HEASARC data are now on AWS and registered in their Open Data Registry. HEASARC is building a next-generation platform that will be like HEASARC@SciServer but running in AWS, but in the mean time, the data are already available. Below we show in a tutorial notebook how to do this in Python. These locations could then be used with cloud-compatible client software such as Astropy-affiliated packages Astroquery and PyVO to provide seamless access to data access in the cloud. Our Xamin data portal offers results in various formats including a list of cloud URIs.
NASA Astrophysics including HEASARC are building cloud analysis capabilities with the Fornax Initiative. See details ....

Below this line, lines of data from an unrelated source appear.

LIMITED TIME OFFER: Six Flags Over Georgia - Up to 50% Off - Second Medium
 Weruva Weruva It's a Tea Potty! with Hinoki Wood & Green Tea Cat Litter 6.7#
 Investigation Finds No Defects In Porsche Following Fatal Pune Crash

Pythonic Data Access Tutorial
For a quick tutorial on accessing HEASARC or LAMBDA data in the cloud using Python, we have prepared a Python notebook that you can download, or view it rendered as HTML.
Some software, such as Astropy's FITS IO routines can read data directly from the S3 bucket, including with options to read only a subset of a FITS file. Tools like HEASoft based on cfitsio can also read any file out of a URL. See below.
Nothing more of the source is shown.